====== DATA PROVIDED ======

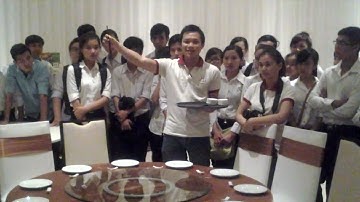 Nghiệp vụ setup bàn tiệc tròn Nhà hàng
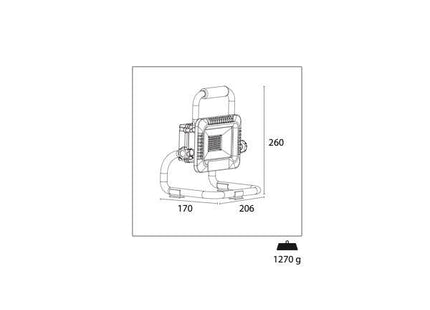 CENTURY PROIETTORE LED JOLLY A BATTERIA 11,1V 50W 4000K 4250LM IP54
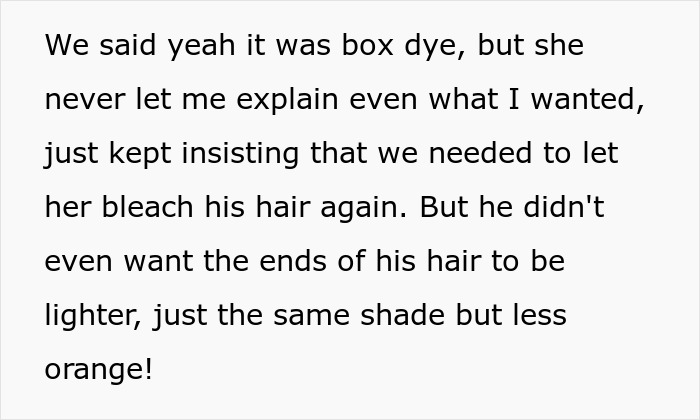 Customer Gets Shamed By Salon Employee Over Box Dye, Decides A One-Star Review Is The Best Revenge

======

• _WHAT NEEDS TO BE DONE_:
Everything from the line containing "CENTURY PROIETTORE LED" to the last line of the listing above must be reproduced exactly, with no pictures included.

• _RESPONSE FOR THIS EXERCISE_:
 CENTURY PROIETTORE LED JOLLY A BATTERIA 11,1V 50W 4000K 4250LM IP54
 Customer Gets Shamed By Salon Employee Over Box Dye, Decides A One-Star Review Is The Best Revenge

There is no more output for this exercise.